ABSTRACT Glioblastoma’s (GBM) invasive nature is part of the reason this primary brain tumor results in near 100% mortality. Even with surgical resection, radiation, and chemotherapy, the median survival remains of only 12-15 months. Tumor invasion make complete surgical resection difficult leading to local recurrence within 2 centimeters of the original tumor in 90-95% of patients. Most systemically delivered chemotherapy agents are ineffective against GBM because they cannot reach the brain at therapeutic concentrations due to the blood- brain barrier. The blood-brain barrier is a highly selective and semi-permeable membrane that separates the circulating blood from the brain tissues as a protective mechanism. The capillaries that line the blood brain barrier have especially restrictive tight-junctions that significantly reduce permeation of systemically administered chemotherapeutics to brain tissues. A promising strategy to avoid the blood-brain barrier and reduce dose- limiting toxicities observed with systemic delivery is to administer drugs directly to the brain by implanting them within the cavity left after GBM resection. One way to achieve this it to load drug into a biodegradable polymer which allows for controlled temporal release of drug as the polymer degrades. Gliadel®, a biodegradable polymeric wafer that delivers carmustine into the resection cavity, is a clinical example of this type of therapy, and increased patient survival by 10-18 weeks. However, the use of more efficacious drugs, facilitated by recent advancement in cancer genotyping, could greatly improve the success of interstitial therapy. This could lead to personalized chemotherapeutic selection where one or more drugs can be co-administered based on a patient’s tumor-specific genetic mutations. In addition, our preliminary data suggests that the release rate of drugs from the polymer can greatly affect outcomes. Drug release rate can be controlled via polymer degradation rate as well as formulation of the drug within the polymer. We hypothesize that more potent chemotherapies loaded into biodegradable polymers tailored for optimal drug release rate would generate a platform that could be translated to the clinics to improved GBM therapy.

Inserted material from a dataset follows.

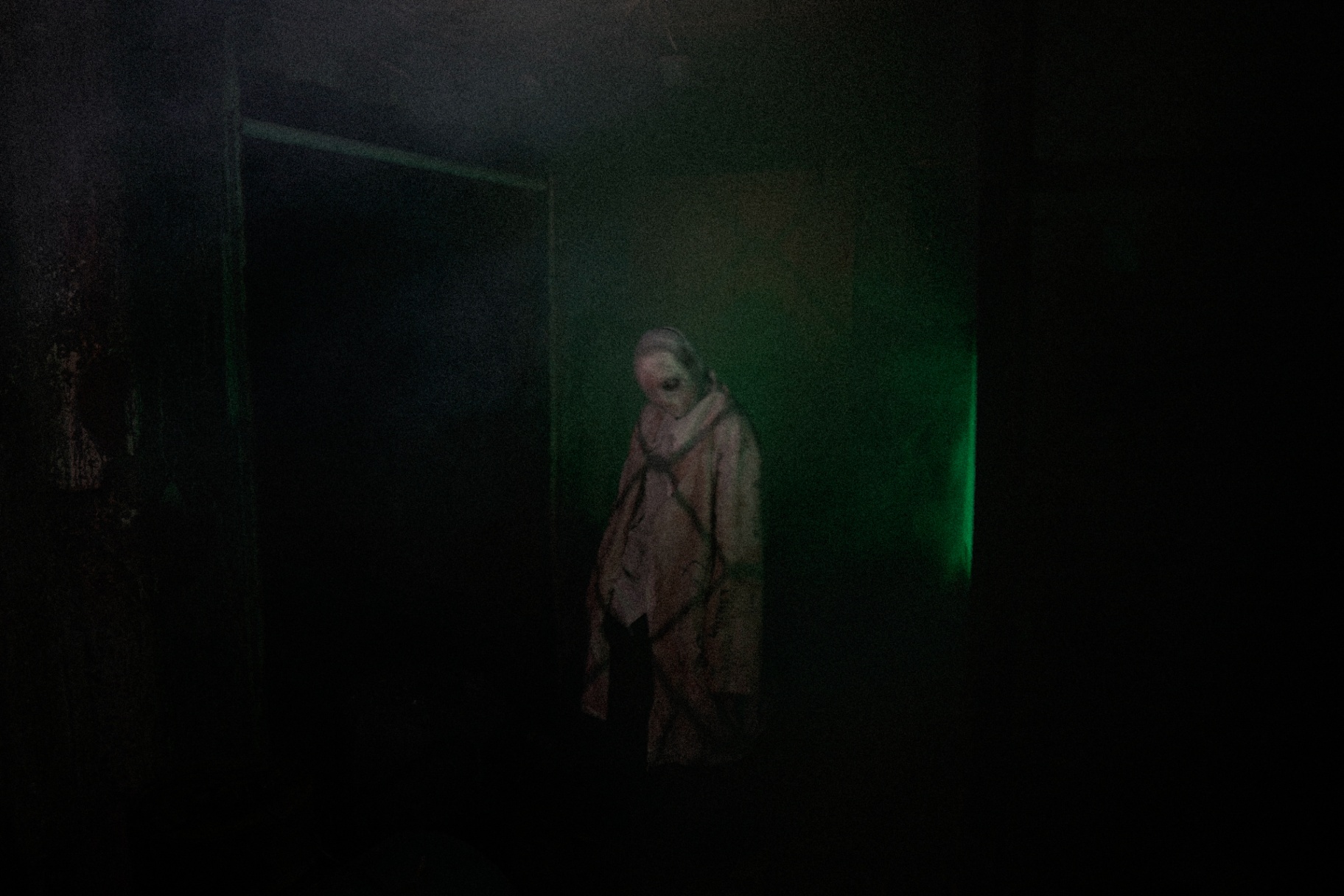 Ghostly figure in green-lit doorway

抽象的 胶质母细胞瘤 (GBM) 的侵袭性是这种原发性脑肿瘤导致近 100% 致死率的部分原因 即使进行手术切除、放疗和化疗，中位生存期仍仅为 12-15 岁。 肿瘤侵犯使得手术难以完全切除，导致2个月内局部复发。 90-95% 的患者中，大多数全身化疗药物的原始肿瘤已缩小到厘米。 对 GBM 无效，因为它们无法以治疗浓度到达大脑，因为血液 血脑屏障是一种高度选择性的半透膜，可将大脑与大脑分开。 从脑组织循环血液作为一种保护机制。 具有特别限制性的紧密连接，可显着减少全身给药的渗透 对脑组织进行化疗是一种避免血脑屏障并减少剂量的有前途的策略。 通过全身给药观察到的限制毒性是将药物直接植入大脑 实现这一目标的一种方法是将药物装载到可生物降解的聚合物中。 当聚合物降解时，可以控制药物的暂时释放。 将卡莫司汀输送到切除腔内的聚合物晶片是此类疗法的临床示例， 并将患者的生存期延长了 10-18 周，然而，随着最近的进展，更有效的药物的使用得到了促进。 癌症基因分型的进步可以大大提高间质治疗的成功率。 个性化化疗选择，可以根据患者的情况联合使用一种或多种药物 此外，我们的初步数据表明药物的释放率。 聚合物可以极大地影响结果，可以通过聚合物降解速率来控制。 以及聚合物中药物的配方。 为药物释放速率量身定制的可生物降解聚合物将产生一个可以转化的平台 到诊所改进 GBM 治疗。